_Work task_. Copy out nothing but the lines from the one holding "16-26 AWG Automatic" through the end of the entries below, exactly as written and without the pictures.

= = =

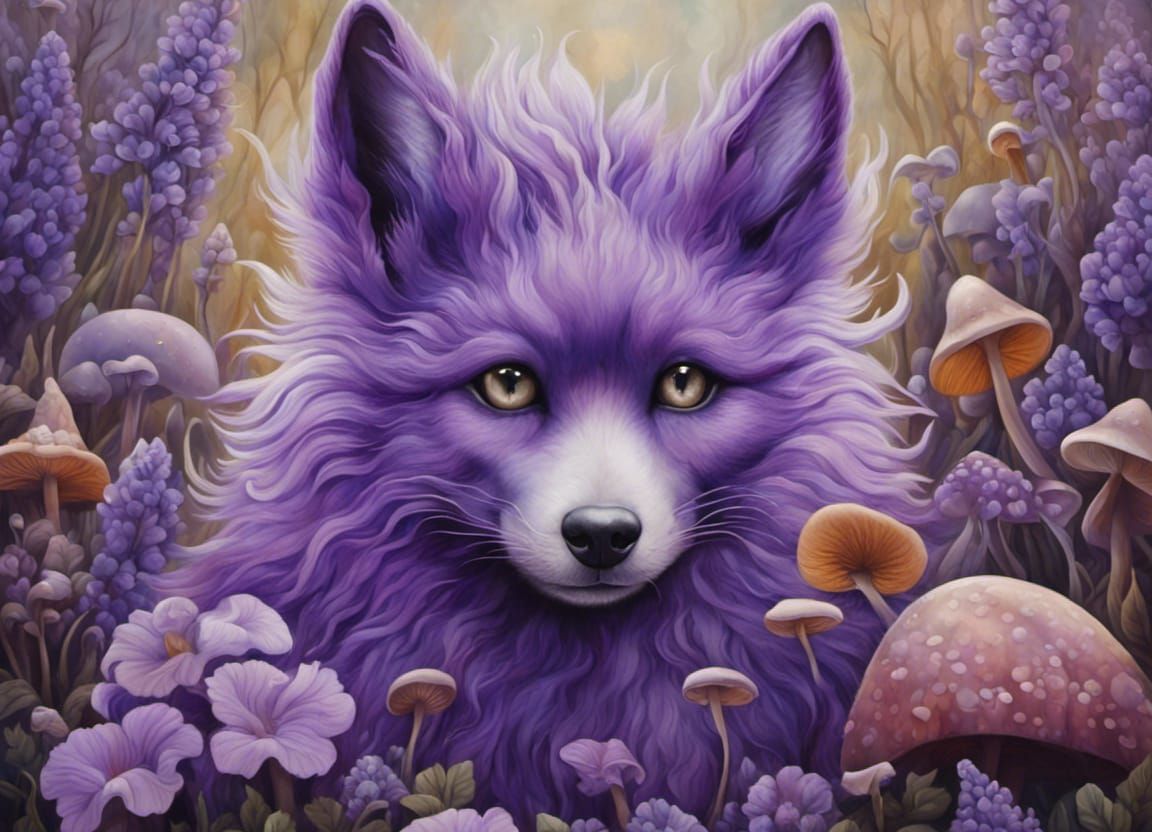 Vivid Purple Kitsune in Hyperdetailed Airbrush Painting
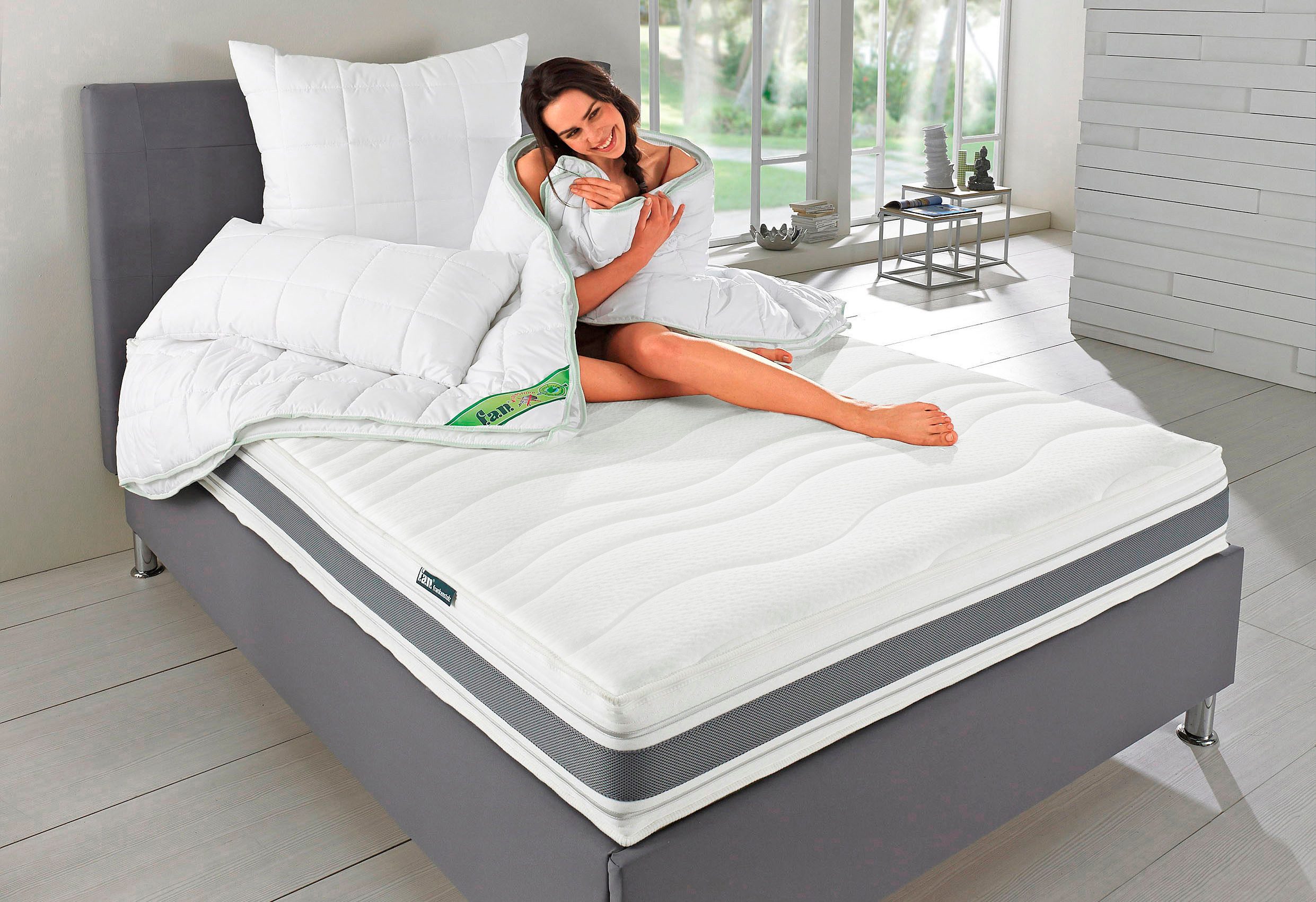 Kaltschaummatratze Punktoflex de Luxe KS, Matratze in 90x200 cm, 140x200 cm, fan, 22 cm hoch, 7-Zonen-Luxus-Kaltschaum-Matratze, Greenfirst-Veredelung gegen Milben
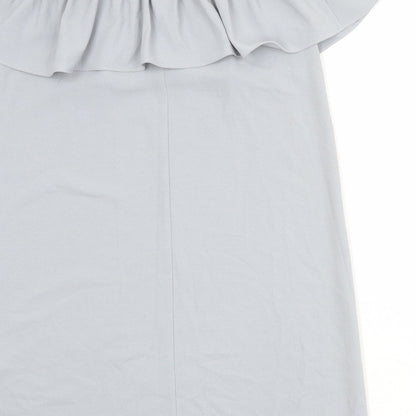 H&M Womens Blue Polyester Shift Size 12 Round Neck Button - Lace Details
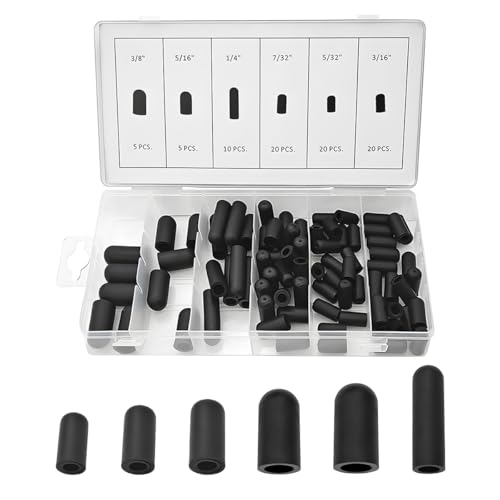 Osilly Juego de 80 tapones de vacío de coche, 6 tamaños surtidos, tapas de extremo de manguera, juego surtido para carburador, colector, automoción, 3/16 pulgadas, 5/16 pulgadas, 7/32 pulgadas, 1/4
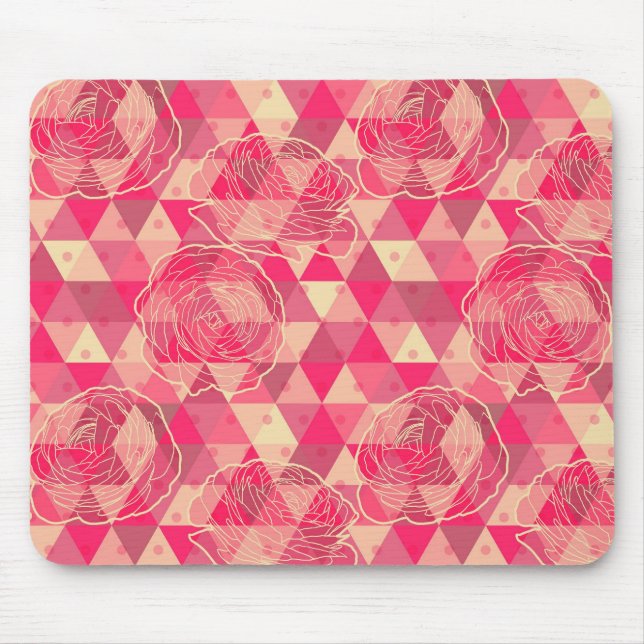 Flower geometrical pattern mouse mat (Front)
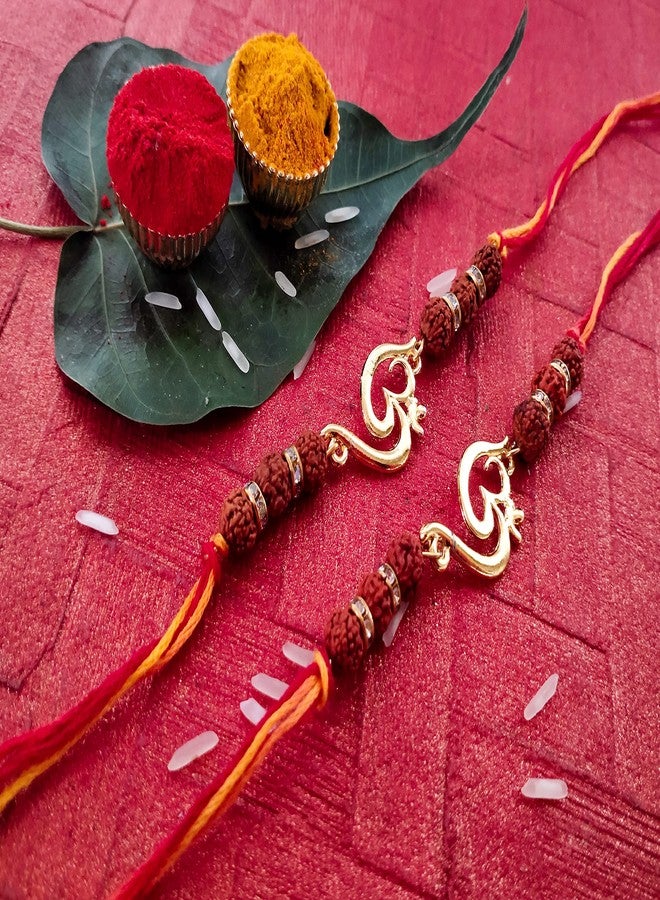 Mahi Rakhi Set for Brother of 2 Gold Plated Om Rakhi for Bhai/Bhaiya/Bro for Rakshabandhan Festival (CO1104642GC) - Image 2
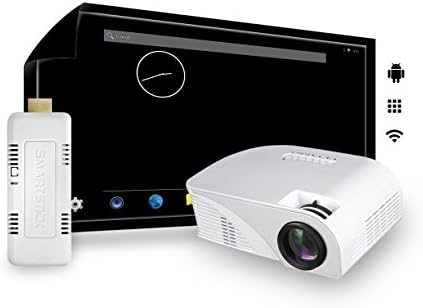 LED Upgraded Projector Home Cinema COMPLETE PACKAGE with Wi-Fi SmartStick Custom Android PC Mini Computer (Custom Projection Screen Options)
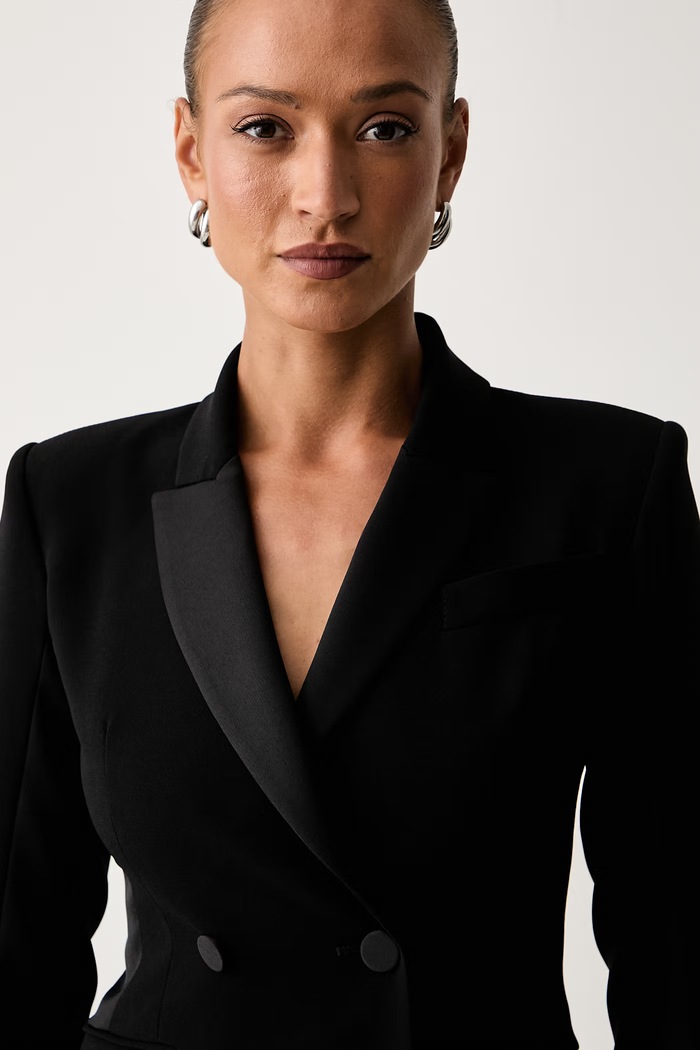 Patrizia Pepe marynarka dwurzędowa damska czarny 8S0000.C7004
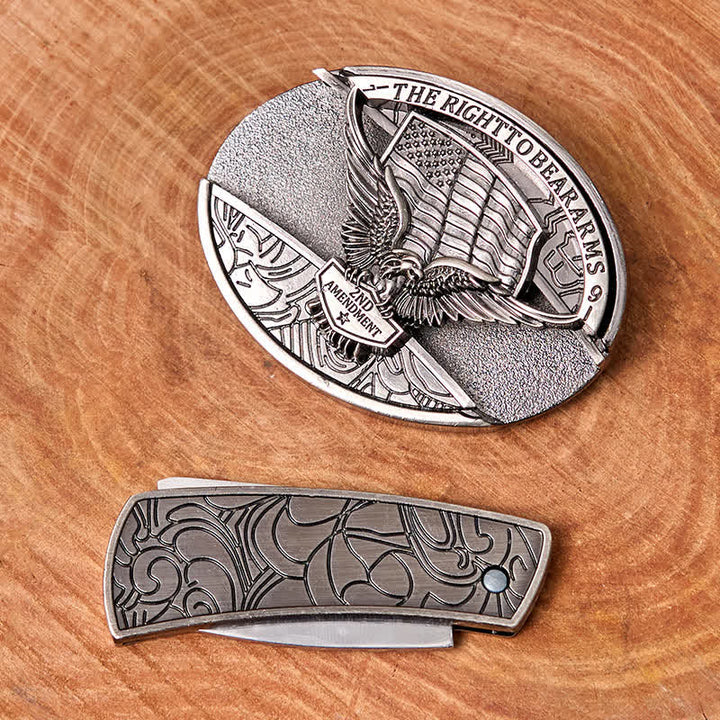 Men's DIY Eagle USA Flag Hidden Folding Knife Leather Belt - image 4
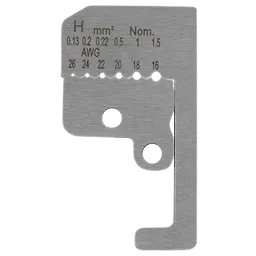 16-26 AWG Automatic Wire Stripper Low Voltage Replacement Blade Kit featuring multiple wire gauge measurements and two mounting holes.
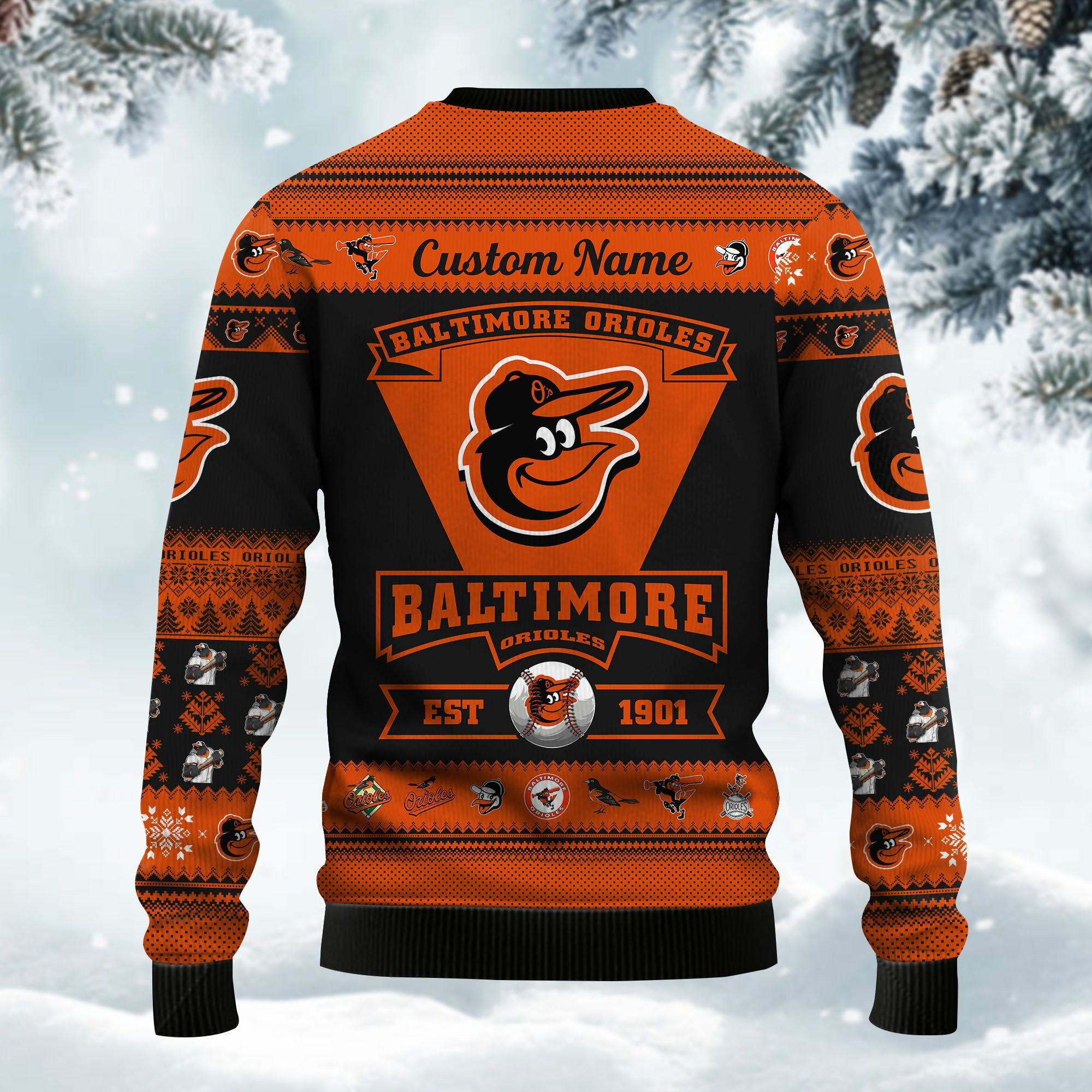 Baltimore Orioles Football Team Logo Custom Name Personalized Ugly Christmas Sweater Adult 3D Funny Matching for family - Image 3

= = =

_Written response_.
 16-26 AWG Automatic Wire Stripper Low Voltage Replacement Blade Kit featuring multiple wire gauge measurements and two mounting holes.
 Baltimore Orioles Football Team Logo Custom Name Personalized Ugly Christmas Sweater Adult 3D Funny Matching for family - Image 3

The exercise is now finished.